(SUPPLIED INFORMATION)

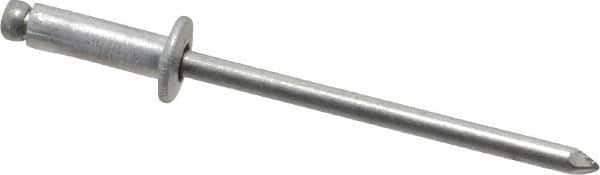 Marson - Button Head Aluminum Open End Blind Rivet - Aluminum Mandrel, 0.188" to 1/4" Grip, 1/4" Head Diam, 0.129" to 0.133" Hole Diam, 0.4" Length Under Head, 1/8" Body Diam - Apex Tool & Supply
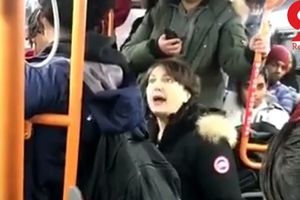 فیلم دست درازی به زن جوان توسط چند مرد در اتوبوس
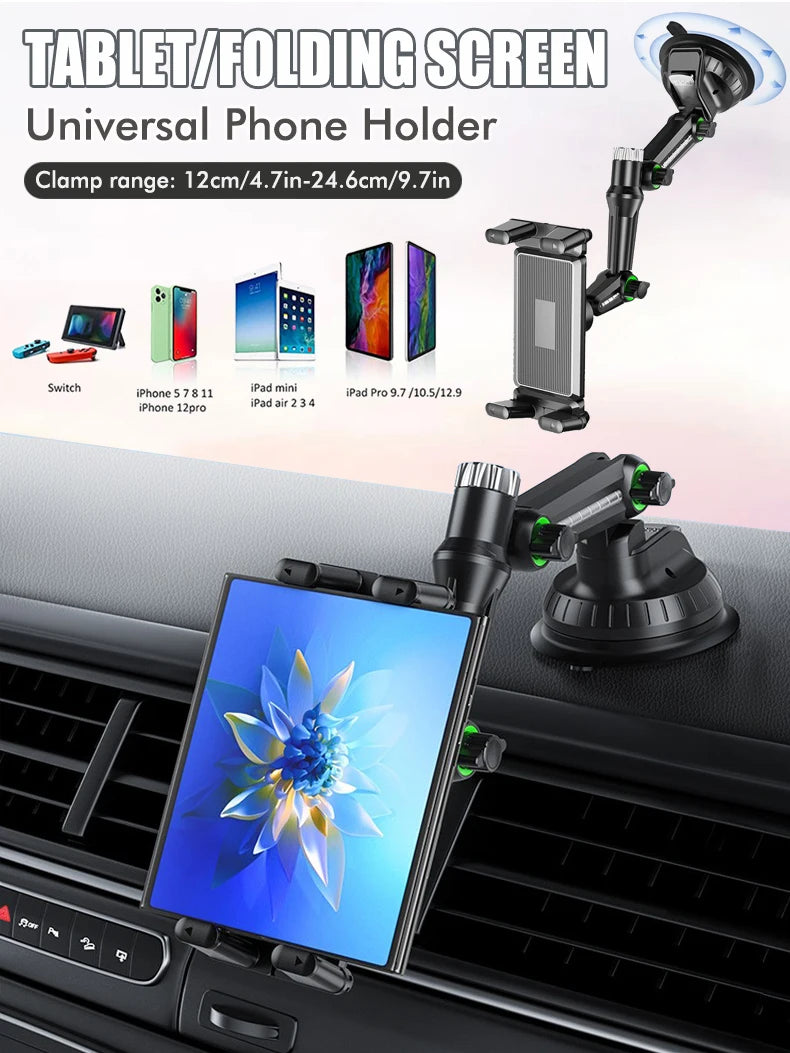 Dashboard Tablet Holder for Car Suction Car Mount With for All 7"-15" Pad Tablet and 4" - 7"Straight Panel Phone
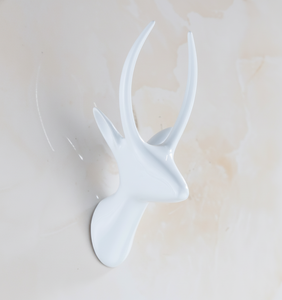 High Quality JIBH017 <b>Coat</b> Hook Deer <b>White</b> Wall Mounted Metal Robe Hook Home Bathroom Entryway Wall <b>Hanger</b> Wholesale - Product Image 2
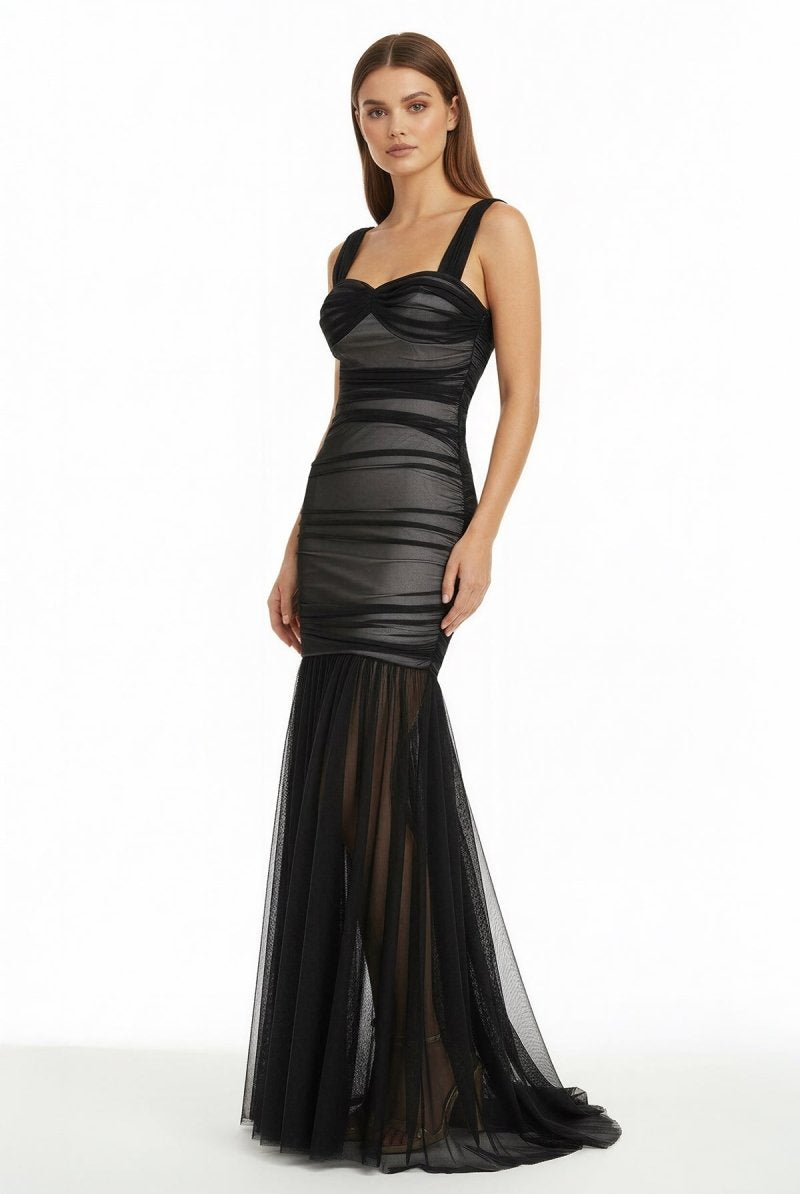 Caelis | Black - Off The Shoulder Mermaid Tulle Pleated Long Formal Prom Dresses - KissProm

(End SUPPLIED INFORMATION)

■ PROBLEM STATEMENT: Take the lines from the one that contains "High Quality JIBH017" down to the last line of the listing above, both included, and set them down exactly, leaving out pictures.

■ SOLUTION TO THIS EXERCISE:
 High Quality JIBH017 <b>Coat</b> Hook Deer <b>White</b> Wall Mounted Metal Robe Hook Home Bathroom Entryway Wall <b>Hanger</b> Wholesale - Product Image 2
 Caelis | Black - Off The Shoulder Mermaid Tulle Pleated Long Formal Prom Dresses - KissProm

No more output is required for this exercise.